Un recente comunicato della Guardia di finanza del comando provinciale di Ancona, datato fine gennaio 2024, ha dato notizia di una maxi-frode fiscale stroncata nell’Anconetano, basata su operazioni commerciali mai avvenute e su una rete di società cartiere messa in piedi da imprenditori italiani e cinesi. Impressionanti i numeri dell’operazione denominata dai finanzieri “Fast & Clean” per la velocità con la quale i profitti delle frodi fiscali, completamente “ripuliti”, tornavano agli imprenditori coinvolti: un giro di fatture false di circa due miliardi di euro, venuto alla luce a partire da accertamenti riguardanti alcuni laboratori di confezione gestiti da cinesi siti nei pressi di Ancona; oltre 140 le imprese cartiere, localizzate nelle Marche e in Lombardia, erano in gran parte esistenti solo sulla carta, oppure del tutto prive di risorse umane e materiali, domiciliate ad indirizzi improbabili o addirittura inesistenti; circa settanta milioni di euro evasi per l’Iva e le imposte dirette sottratte al fisco solamente nel 2022 e 2023.

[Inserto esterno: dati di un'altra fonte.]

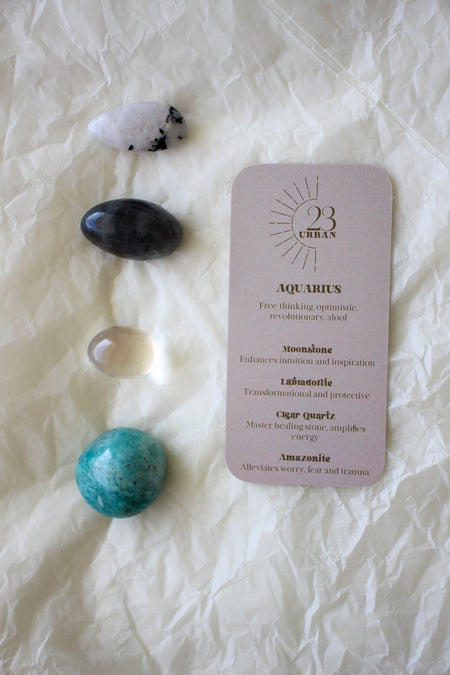 To the left of this image are the four Aquarius Zodiac Crystal Kit tumble stones, which are Moonstone, Labradorite, Clear Quartz, Amazonite. Next to the tumble stones is an Aquarius Zodiac Crystal Kit card, outlining the traits of Aquarius and explaining the properties of the crystals. 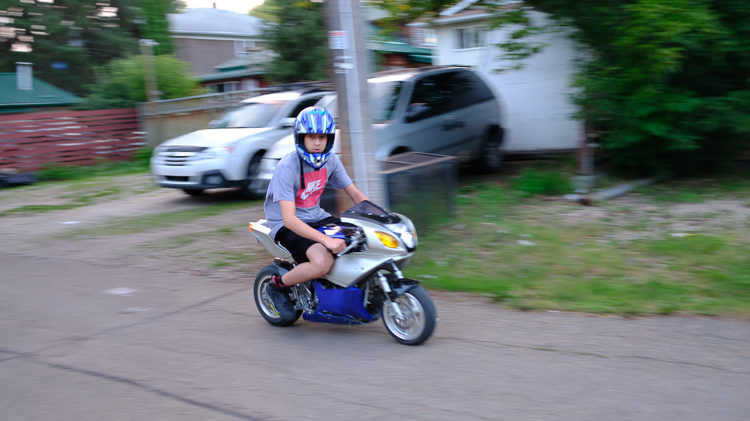 second photo in series of example image of a slow shutter speed and burst mode allowing panning of a motorcycle in motion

Cinese, nel caso specifico, la regia e l’operatività dell’attività di riciclaggio e di autoriciclaggio mediante l’immediato trasferimento con bonifici dei soldi corrispondenti alle false fatture a banche cinesi, con successivo rapido ritorno ai beneficiari della frode del denaro contante mediante corrieri, detratta ovviamente la commissione (tra il 5 e il 15 per cento a seconda dell’importo), cioè il compenso della malavita cinese operante sul territorio italiano e in Cina che, tramite le proprie strutture, ha di fatto svolto le funzioni di banca occulta a servizio dell’economia illegale.

E’ da tempo, da anni, infatti, che la mafia cinese, anche nelle Marche, svolge con un sistema stabile e organizzato questa attività bancaria abusiva e clandestina per riciclare sia il frutto di ingenti frodi fiscali che denaro sporco, derivante da reati quali estorsioni, usura, traffico di immigrati e di droghe soprattutto sintetiche, giri di prostituzione, esercizio di giochi d’azzardo, prodotti contraffatti (per questi ultimi quello di Ancona è tra i principali punti italiani di approdo, secondo gli analisti dell’antimafia) e altre attività illecite svolte in proprio o da altri sodalizi italiani di malavita organizzata, dalla ‘ndrangheta e dalla camorra in primo luogo. A volte, nei casi venuti alla luce, il primo trasferimento dei soldi in Cina è del tutto virtuale e le operazioni, anche quelle più delicate connesse alla retrocessione in Italia degli euro ripuliti, avvengono esclusivamente su base fiduciaria, con un sistema collaudato da decenni denominato “Fei Chen”.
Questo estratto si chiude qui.